Premi ai prof, scelta collegiale

Non sarà solo il dirigente scolastico a scegliere come assegnare le risorse per valorizzare i docenti più meritevoli. Potrebbe essere affiancato da un comitato per la valutazione interno alla scuola, scelto dal consiglio d’istituto, e comunque si dovranno individuare prima i criteri di premialità (tra gli indicatori potrebbero esserci la qualità dell’insegnamento e i risultati ottenuti).

Da sciogliere è anche il nodo dei precari con oltre 36 mesi di servizio alle spalle, e non assunti a settembre: l’attuale formulazione del Ddl «Buona Scuola» vieta che possano essere utilizzati per nuove supplenze. Probabilmente la disposizione cambierà: tra le ipotesi allo studio c’è quella di attribuire carattere non retroattivo al limite dei 36 mesi (fissato dalla normativa Ue, che lo scorso anno ha già bacchettato l’Italia per abuso di reiterazione dei contratti a termine). Sul piatto c’è poi la questione della “chiamata diretta” dei docenti dell’autonomia da parte del dirigente. Da quanto s’apprende, si chiarirà che l’individuazione degli insegnanti avverrà dagli albi territoriali, con dimensione sub-provinciale (quindi entro un ambito piuttosto circoscritto); e saranno scelti sulla base del Cv in modo coerente con i bisogni del singolo istituto.

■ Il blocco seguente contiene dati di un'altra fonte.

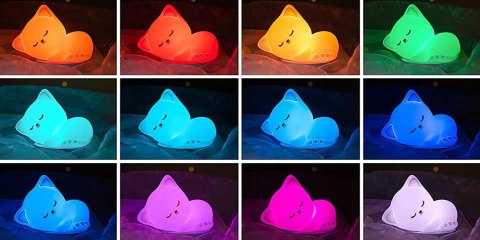 Lampka Nocna Dla Dzieci Słodki Kotek - Lampa Kot, Rgb Led, Timer, Pilot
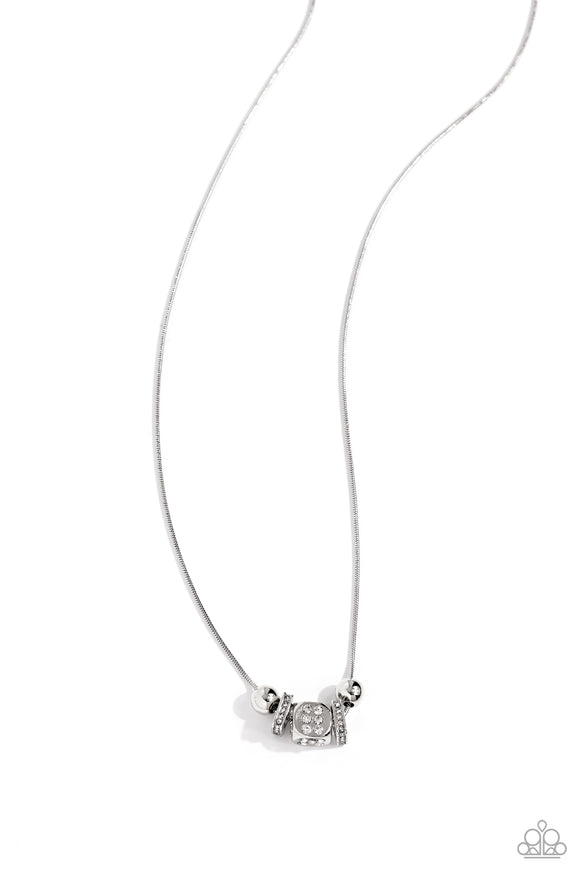 Paparazzi Jewelry Rolling the Dice - White Necklace - Pure Elegance by Kym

Il governo, dopo il faccia a faccia di ieri con i sindacati, sta ragionando sul pacchetto di modifiche da apportare al Ddl, che potrebbero essere ufficializzate già oggi dalla relatrice in commissione Cultura della Camera, Maria Coscia (Pd). «Ci saranno miglioramenti al testo - afferma la responsabile scuola dei dem, Francesca Puglisi -. Abbiamo ascoltato le proposte dei sindacati. Ora riflettiamo. L’esecutivo investe 3 miliardi sulla scuola e la riforma vuole valorizzare, per davvero, la professionalità degli insegnanti». L’impianto del Ddl «resta fermo - aggiunge Anna Ascani (Pd) -. Asciugheremo pure il numero delle deleghe, stralciando quella che riguarda gli organi collegiali. Un segno di attenzione verso le istanze che ci sono arrivate dal mondo della scuola». Che lo scorso 5 maggio ha scioperato contro la riforma: la percentuale di adesione è stata del 64,89%, ha reso noto la Funzione pubblica, su oltre un milione di dipendenti hanno aderito in 618.066 (più di 67mila gli assenti per altri motivi), con un totale di trattenute sulle retribuzioni di 42.331.340 euro.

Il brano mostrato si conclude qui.